5. Who is your favourite character in the novel?

In many ways, the novel actually grew around Thomas Ashton, and Anna only crept into the picture later. Thomas Ashton begins his life with considerable blessings, but undergoes many reversals of fortune – yet he’s sustained and consoled in the end by his enduring capacity for love, which becomes an act of faith for him, even after his lover Ruth has died. I was drawn to writing about a character who is emotionally disconnected or blocked at the beginning – but who finds himself transformed by love, which endures despite his loss, in an inspiring way.

Anna Sands, the central figure of the novel, has a different fate. Unlike many evacuees who were deeply scarred by their wartime experiences, nothing terrible happens to Anna; she seems lucky. She ends up at a beautiful house, with kind teachers, safe from the war. And yet in the absence of parental love, she develops an inappropriate attachment to one of her teachers which skews her emotional development, with unexpected repercussions right through her life. She ends up as one of life’s emotional witnesses, stranded on the sidelines of other people’s lives, always hankering after a relationship which could never be hers. It was this notion of becoming a witness – somebody with a face always pressed against a window, instead of joining in – which interested me in Anna. That’s the poignancy of the Raymond Carver epigraph for me – that everyone longs to be ‘beloved’, yet some people are fated not to be.

6. Who are the authors who have inspired you?

My taste in fiction is very catholic, ranging from William Trevor to Don DeLillo to Iris Murdoch. But I do have a few distinct favourites. The Great Gatsby by F. Scott Fitzgerald. Wuthering Heights by Emily Bronte. The End of the Affair by Graham Greene. The English Patient by Michael Ondaatje. The History of Love by Nicole Krauss. Each of these novels is very different, but what they all share are characters driven by an intense love. I’m wary of the term ‘obsessional love’ because it has derogatory overtones, yet I find that the novels I return to are ones which explore enduring love and longing. For this reason I have always responded to all those unspoken connections between characters in Iris Murdoch’s novels. I am also very drawn to fiction with a child’s eye on adult entanglements, such as To Kill a Mockingbird by Harper Lee, The Go Between by L.P. Hartley or The Death of the Heart by Elizabeth Bowen. And I relish writers who conjure up the spirit and atmosphere of a place or a landscape, so I am very attached to the novels of Thomas Hardy, for example.
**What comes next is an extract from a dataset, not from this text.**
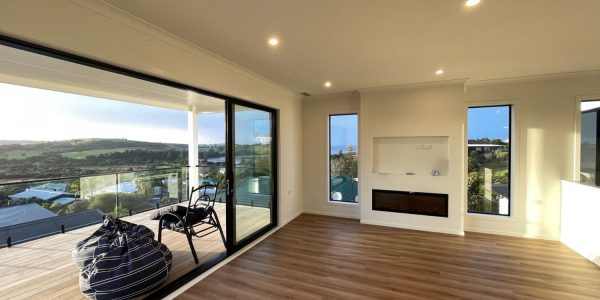 MH CUSTOM-090-ServicesPg-StickFrame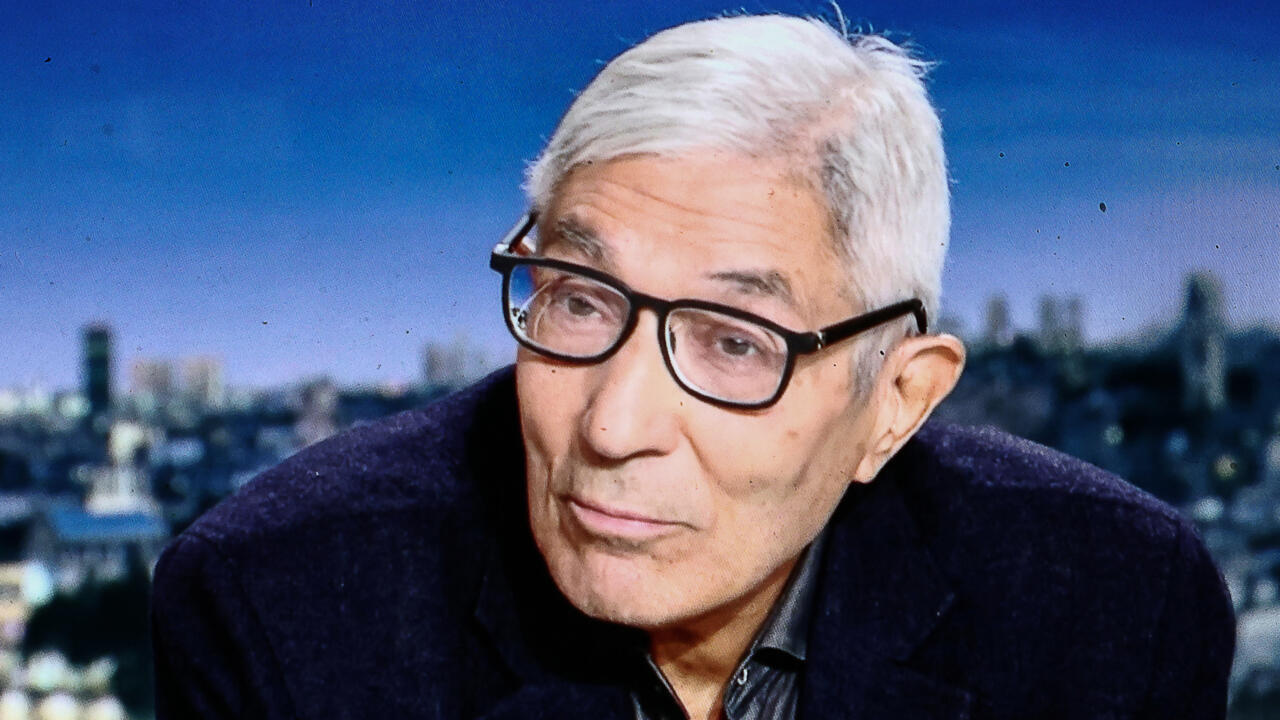 Mohamedapostat's tweet card. Boualem Sansal s'est exprimé pour la première fois depuis sa libération, dimanche soir, au journal de 20 h de France 2. "Je contrôle chacun de mes mots", a notamment déclaré l'écrivain franco-algér...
7. Did you always want to write? How long did it take you to finish the novel?

I always assumed that I would write a novel, but somehow the years vanished and I never seemed to carve out enough time from my various jobs. I think part of the trouble was that whenever I sat down to write, I was too self-conscious and everything I wrote was over-polite. It wasn’t until my thirties that I dared to excavate more deeply – I think that seeing the world again through my children’s eyes unlocked something in me. Kafka wrote that “a book must be the axe for the frozen sea inside us,” and that was very much the case for me, it took me a while to crack through my own ice. My novel had a very slow gestation over eight years, on and off. I wrote it outside working hours, during intermittent evenings after the children had gone to bed. But I think there are advantages to a slow-grown novel: you really have the chance to distil and clarify your world, and your coastal shelf only deepens over time. It was a joy to write this novel outside my work life, inside my own private bubble.